I’ve made the decision to cut off my two best friends emotionally. There have been a lot of things going on in the past few months and many of the things they have done have had an extremely negative impact on me. I’ve decided that if they want we can still be friends, but at a distance. I will not talk to them about emotions nor will I be close to them like I was before. If we want to talk about random stuff like the show we just watched that’s fine, but anything deeper is forbidden.
I know that I should do this for me and that I’m doing it for my mental health but it still hurts like hell. Low self esteem doesn’t help as the negative side of me is constantly telling me that I’m just giving up and that I’m weak and I should keep trying. So I have to remind myself that I’m not just giving up. I’ve tried fixing things over the past few months and things just kept getting worse.

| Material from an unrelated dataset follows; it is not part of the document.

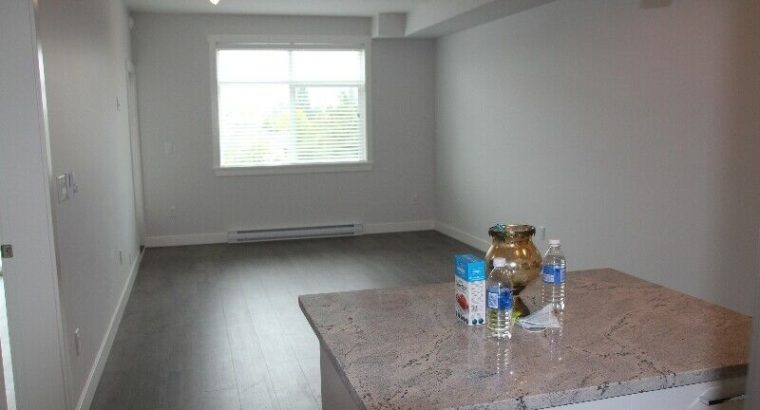 Brand new 3 Bed 2 Bath apartment is renting now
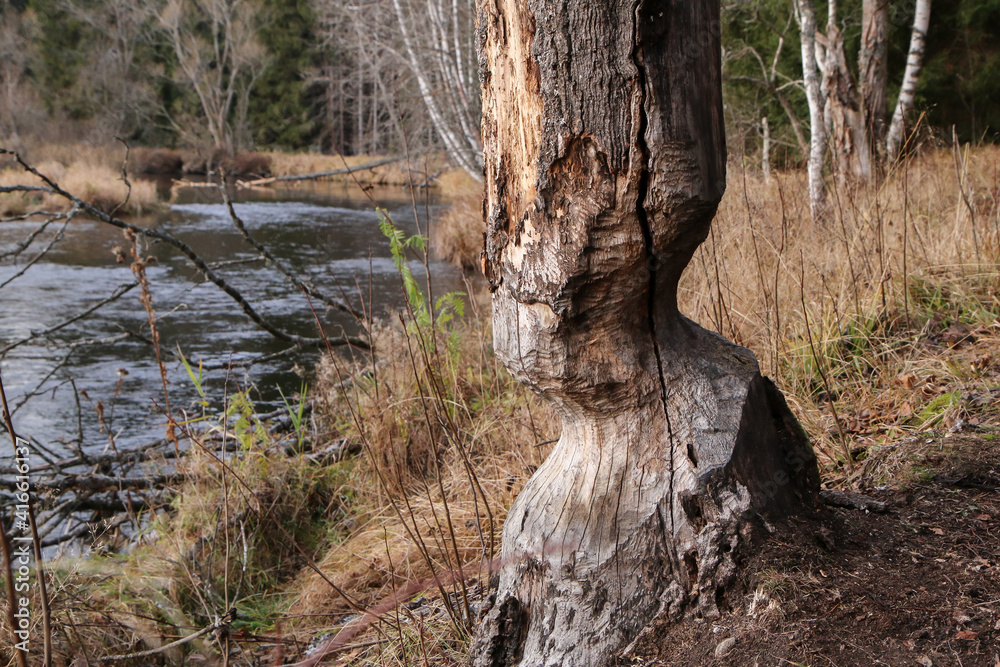 The detail of the tree trunk gnawed away by the beaver. Standing by the river, where they build their dams. The detail of the tree trunk gnawed away by the beaver. Standing by the river, where they build their dams.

Also struggling cause I’m having past memories and emotions coming up and tangling themselves with my already overwhelming present emotions. It’s just that the present situation feels really similar to some past ones and it scares me then bad memories like to pop up and replay themselves. It’s been a really emotional couple of days and an emotional few months.
I’ve had to do that before. It hurts deeply. I’m sorry you’re going through this. You may find that when you make new friends you’re a stronger person and able to have healthier relationships. My relationships are now healthier so I’m made better choices after having gone through that. Maybe yours will be too
I think your doing it for the right reasons and in your best interest. Yeah it’ll hurt but sounds like it’s for your benefit and that outweighs the negatives.
@LilyoftheValley I hope they will be too. It will be a bit before I can make new friends though. Stuff like this tends to affect me deeply and then I’m scared that the next friend I make will only end up like this. I’ll make it through this and I’ll make it through that fear too until I’m surrounded by only good friends.
@rogueone Yes it is for my benefit, I cant keep things the way they were. I was developing old habits and thought processes. Thinking that I’m not good enough for anybody, and that I dont deserve happiness. It scares me that those habits were coming back, but it also helps me make sure to stick to my decision because I’m not letting years of hard work go down the drain because of two people.